Newsom announced a four-stage reopening plan, relying on six key indicators to reopen. Yet, as portions of the state began to reopen businesses and normal activities through May, a concerning surge of coronavirus cases in June caused Newsom to roll back his plans.
The state now operates on a four-tier system, with each county assigned a ranking depending on two factors: the adjusted average daily case count per 100,000 citizens, and the test positivity rate.
The tier rankings are updated weekly, and counties must meet the criteria for the next tier for two consecutive weeks before their status can be updated.
Infographic from covid19.ca.gov.
Santa Clara County
Santa Clara county changed to Tier 2 status on Sept. 8, with an adjusted case count hovering at 6.9 new cases per day per 100,000 residents, right under the 7-case threshold. Testing in Santa Clara, although starting off slow, has grown to average over 6,000 tests a day with a positivity rate of just 3.5%, low enough for Tier 3 classification.

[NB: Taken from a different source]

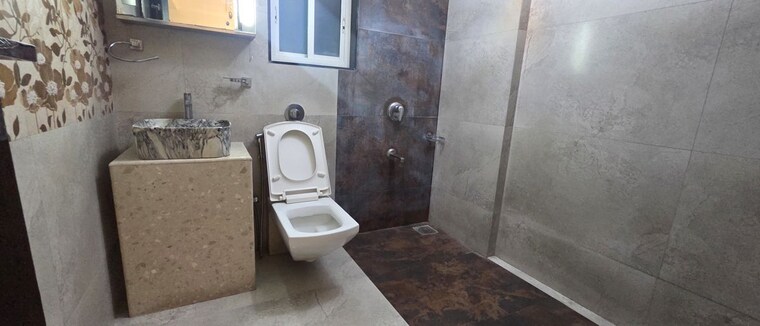 Bathroom, goel-ganga-melrose 3 Bedroom 2645 Sq.Ft. Apartment In Sopan Baug Pune 10727201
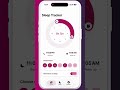 🌙 iOS Sleep Tracker App UI | Liquid TabBar + SwiftUI - Xcode 26 ✨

If the county can maintain Tier 2 status for an additional week, schools — including Harker — will theoretically be allowed to reopen for in-person learning under strict guidelines, including daily symptom screening, mandatory face coverings, and stringent physical distancing. Harker plans to likely stay remote through first semester, although limited extracurricular activities may resume as early as Sept. 29.
Dr. Sara Cody, the public health officer for Santa Clara County, helped head the County’s relatively effective response, banning mass gatherings on Mar. 6 and imposing a shelter-in-place order on Mar. 16. She also holds press briefings every Monday, Wednesday, and Friday, streamed live on Facebook.
As with across the country, disparities have emerged in the racial composition of cases and deaths within Santa Clara County. Overall, the County has logged the race of the patient in over 85% of cases; out of these, a clear pattern has emerged, with Hispanic people testing positive at a rate 2.5 times higher than the rest of the population.
California in Context
Although the first cases of Covid-19 occurred in Washington state and California, the first major outbreaks came in the densely populated New York City, with case totals peaking in March and April. New York Governor Andrew Cuomo rose to national prominence for his daily coronavirus briefings, where he rallied New Yorkers and provided important national updates.
As New York quelled its surge of infections, case counts in states in the South and West began to climb towards the end of June, especially in California, Florida and Texas. The surge led to the U.S. setting its highest single-day new case record on July 15.
As a country, the United States has lagged far behind the world in it’s COVID-19 response, failing to test early and recording the highest number of both cases and deaths in the world. Over 900,000 people have died from illnesses related to COVID-19 worldwide, with over 20% of those deaths occurring in the United States.
Contributing to the ineffective U.S. response to the pandemic has been the lack of a unified national approach. State governors have largely set their own policy with limited guidance from the CDC, leading to inconsistencies in shelter-in-place orders, mask-wearing ordinances and testing. For the most part, densely populated cities and states have been hardest hit by the pandemic.
All graphs are static and updated till the date of publication, excluding the two live Santa Clara County graphs.